As we said back in January: “By the end of June, the court will have weighed in on the disclosure of Trump’s financial records, the rescission of DACA, the Louisiana abortion law on doctor’s admitting privileges, whether gender discrimination laws apply to gay and transgender employees, another 2nd Amendment case, and whether to take (and potentially expedite hearing for this term on) the 5th Circuit’s Obamacare case on the individual mandate. Expect a lot of 5-4 outcomes and some blistering dissents.”
During their conferences after arguments, justices take a preliminary vote and assign the majority opinion. But anything can change after that. A dissent can be circulated to the other chambers and become a majority opinion if a justice changes his or her vote. Or the breadth of a majority opinion can shrink. Footnotes or entire paragraphs may be added to an opinion addressing the arguments that were circulated in a concurrence or dissent. And without in-person meetings or the ability to slip a handwritten note onto a colleague’s desk, the emails will presumably be flying with even more alacrity.

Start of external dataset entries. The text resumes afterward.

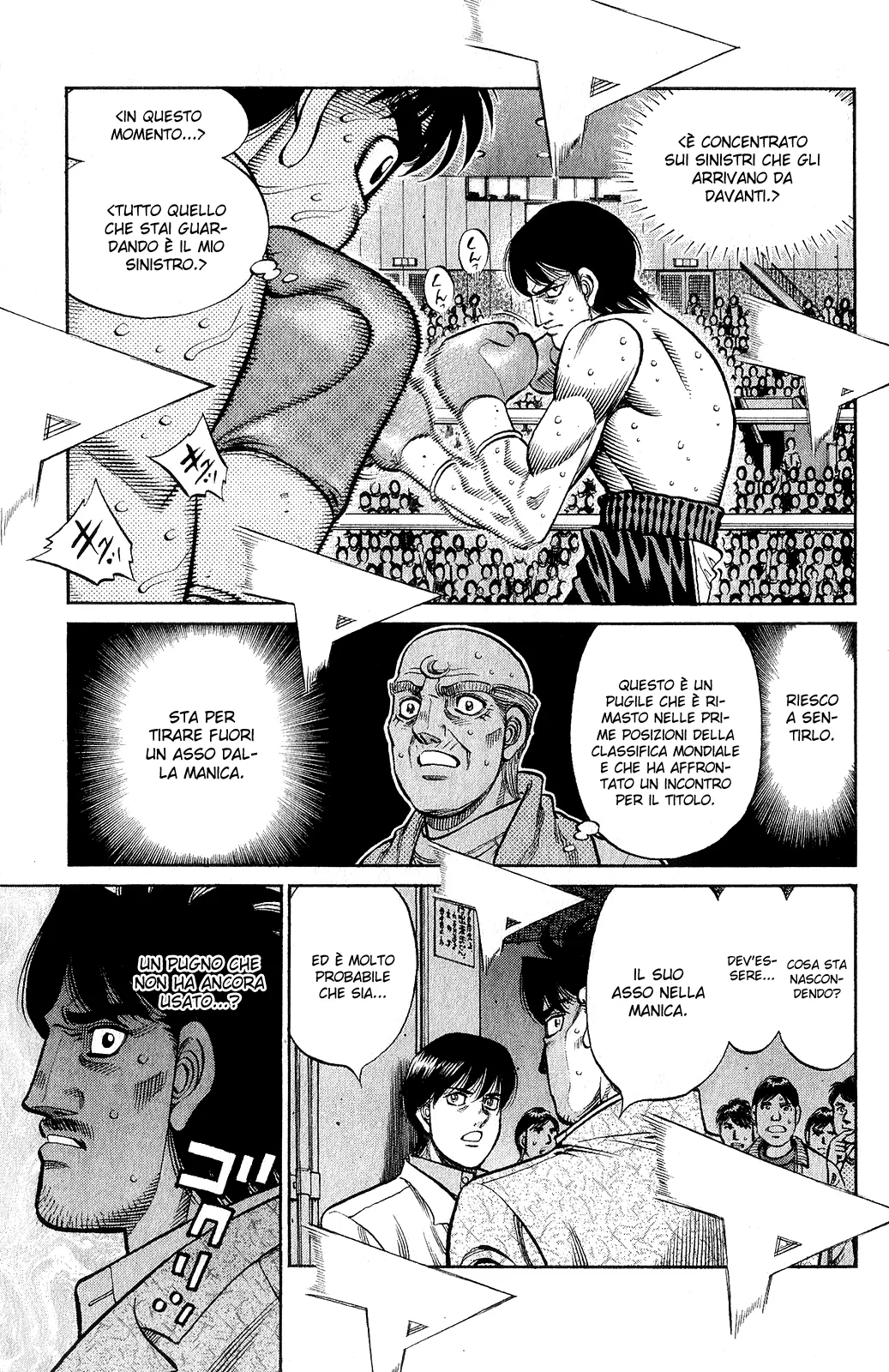 Read Hajime no Ippo IT Manga Online
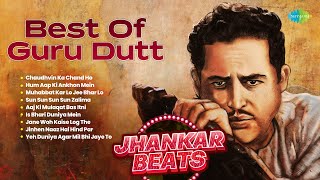 Best Of Guru Dutt | Chaudhvin Ka Chand Ho | Hum Aap Ki Ankhon Mein | Muhabbat Kar Lo Jee Bhar Lo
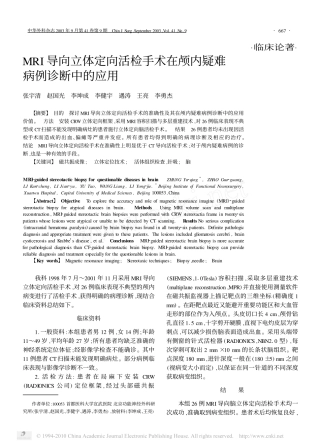 李坤成、 王亮) MRI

This term will be notable for the historic May argument sitting in which justices heard oral arguments by teleconference and those arguments were broadcast live. For many, it was a nice change of pace. The chief justice called on each justice in order of seniority, making for a more orderly and easy to follow back-and-forth without justices jumping over each other’s questions. It also had the collateral consequence of making every argument substantially longer, which allowed listeners to get a better and more in-depth understanding of what interested each justice. On the other hand, the conversation jumped between topics and it was harder for one justice to follow up on another justice’s question if they weren’t adjacent questioners. And it gave the chief justice a lot of discretion to decide how long each justice’s question time actually lasted. On the other other hand, it was a welcome break from the past few decades of oral argument ping-pong in which the advocates were the ball and the justices used their questions to hit the ball as hard as they could toward another justice.